Each drive in an NFL game represents an opportunity for a team to score. The have a few attributes:
- a starting position
- a starting time
- an offense and a defense
- an outcome:
- Punt
- Interception/Fumble lost
- Turnover on downs
- Touchdown
- Field goal attempt
- End of Half / Game
$ wget -O schedule.html http://espn.go.com/nfl/schedule/_/year/2013/week/1
$ python scripts/get_drives.py schedule.html > schedule_games.csv
We use this to get a list of ESPN gameIds for all regular season games 2002-2014.

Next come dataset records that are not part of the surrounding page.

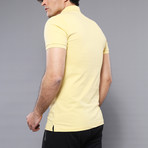 Reed Solid Short Sleeve Polo Shirt // Yellow (XL)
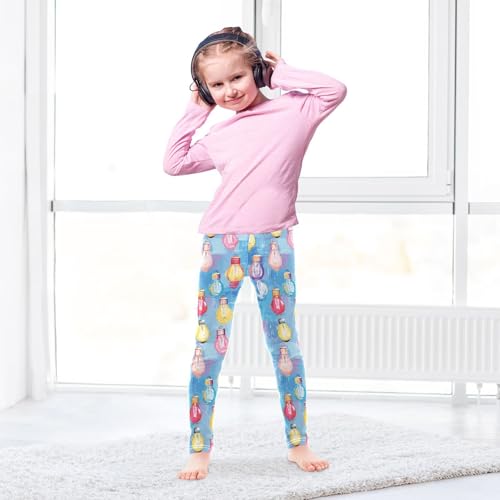 Colorful Christmas Light Bulbs Kids Baby Girls Athletic Leggings Fashion Full Length Activewear Running4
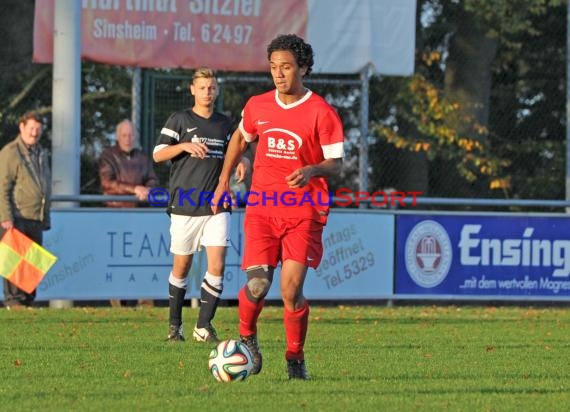 FC Weiler gegen SV Bargen 02.11.2014 Kreisklasse b1 Sinsheim 02.11.2014 (© Siegfried)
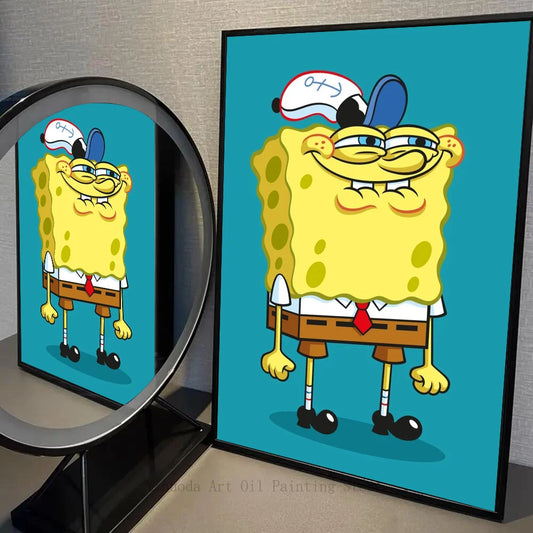 Poster Bob L'Éponge - Bob Regard Suspect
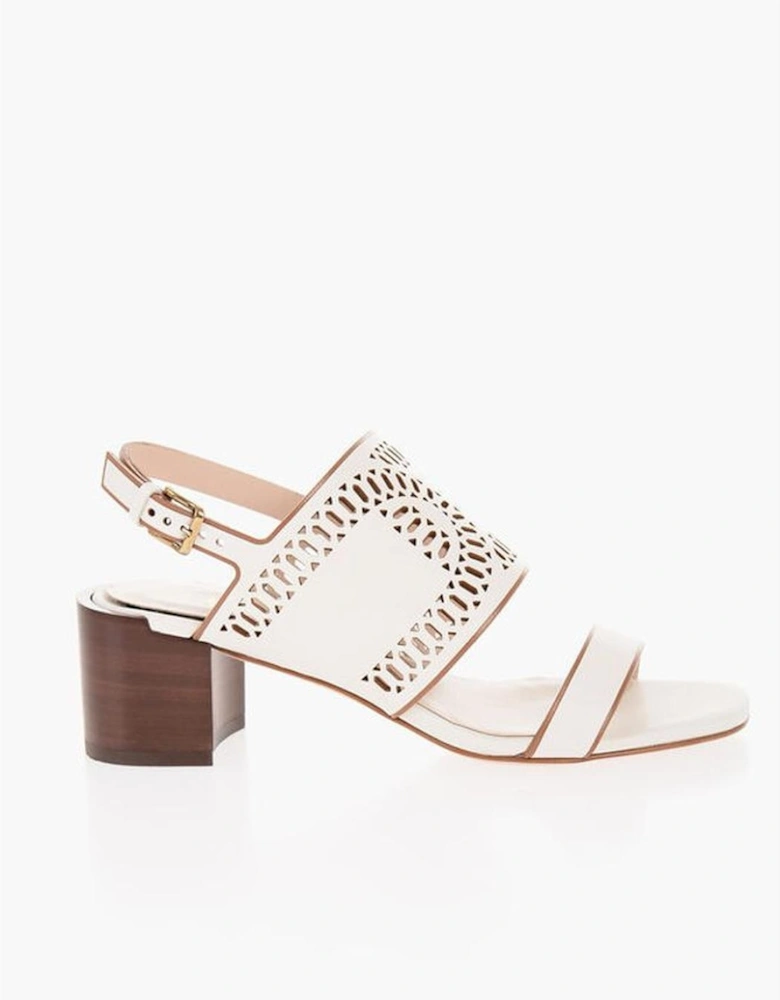 Square Toe Ankle Strap Sandals Women - White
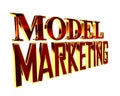 Golden extensive model marketing text on a white background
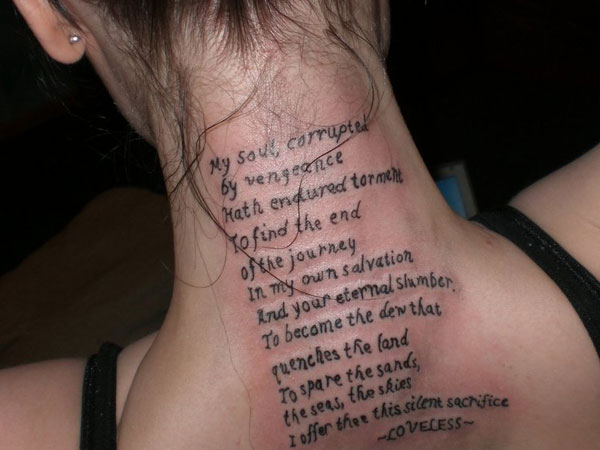 Religious Quote Tattoo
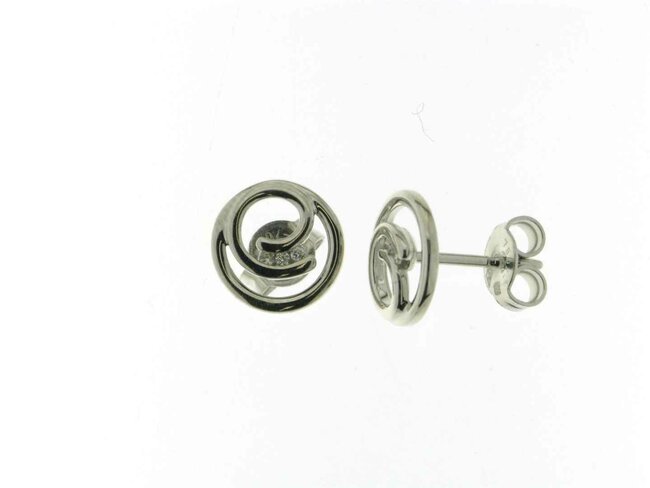oorring briljant - goud | Taste of Luxury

$ wget -O game.html http://espn.go.com/nfl/drivechart?gameId=261105003
$ python scripts/get_drives.py game.html > game_drives.csv
There are fancier ways of automating this scraping process for whole seasons. You can find those in the Makefile
.
This is mostly done in analysis/load_data.R
. I'm not 100% satisfied with the process yet but it passes various eyeball tests. A few games have bad data on ESPN (not enough drives, no drives) and so they are filtered out. Many drives themselves are listed as lineitems in the charts, but they are actually special teams plays (e.g. Kickoffs, punt returns). These are also filtered out for now, though it may be reasonable to analyze these plays on their own. I think average drive starting position is an interesting thing to look at next and this will depend on special teams play.
I plan on using this to analyze team strength. Eventually there will be a Bayesian model in Stan that measures each team's offensive and defensive strength and how it has evolved over time.
Once you can forecast a distribution over drive outcomes, you need to forecast the number of drives each team will be get (and their starting positions) to get a posterior over game scores. It should be fairly straightforward to use this approach for forecasting game outcomes, although I expect that the point distributions will be pretty high variance.